What to work on: The reply needs the lines from the one containing "a table and" through the end of the material, each repeated exactly, and no pictures.

Dataset extract:
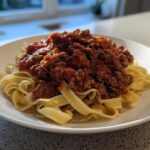 A close-up of rich, meaty bolognese sauce generously spooned over a bed of fresh tagliatelle pasta on a white plate.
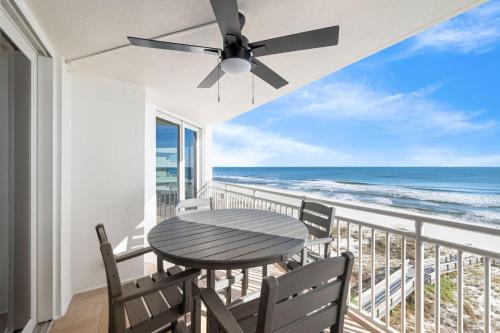 a table and chairs on a balcony with the ocean at SeaSpray East 624-Gulf Front in Pensacola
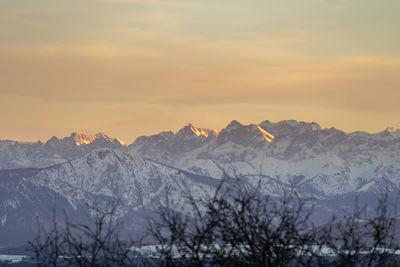 Scenic view of snowcapped mountains against sky during sunset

Solution for this task:
 a table and chairs on a balcony with the ocean at SeaSpray East 624-Gulf Front in Pensacola
 Scenic view of snowcapped mountains against sky during sunset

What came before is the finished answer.